Şeyh Efendi son derece akıcı, yumuşak ve insanın tâ içine işleyen sâkin bir sesle Hz. Mevlânâ’nın Farsça bir gazelini okumağa başladı; her beyitin başında aynı suâli tekrar ediyordu:
Dânî semâ çi büved ? Savt-ı belî şenîden
Sonra beyiti tercüme ve şerh ediyordu: “Semâ nedir bilir misin ? O yüce hitâbı işitmek, Allah’ın, “Ben sizin Rabbiniz değil miyim?” diye sorduğu zaman ruhların “Evet, Rabbimizsin!” diyen sesini duymak; cümle varlıkdan geçip Allah’a kavuşmaktır.
Semâ nedir bilir misin? Dosttaki binbir çeşit tecellîyi görmek, lâhût âleminin perdelerinden Hakk’kın sırlarını işitmektir.”
Daha ilk mısrâdan itibaren anladım ki her kelimenin muhâtabı benim; Hz. Mevlânâ yedi asır önce bu emsalsiz şiiri benim için söylemiş, şimdi Şeyh efendinin ağzından bana sesleniyor, bana semâyı anlatıyordu.
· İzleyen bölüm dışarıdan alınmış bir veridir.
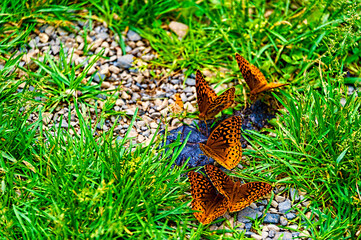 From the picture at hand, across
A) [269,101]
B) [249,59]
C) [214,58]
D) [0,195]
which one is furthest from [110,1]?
[0,195]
“Semâ nedir bilir misin ? Nefsin ile harb etmek, kesilmiş ama ölmemiş bir kuş gibi toprak ve kan içinde çırpınıp durmaktır.
(…)
Semâ nedir bilir misin? Şems-i Tebrîz gibi gönül gözlerini açmak ve mukaddes nurları görüp seyretmektir.”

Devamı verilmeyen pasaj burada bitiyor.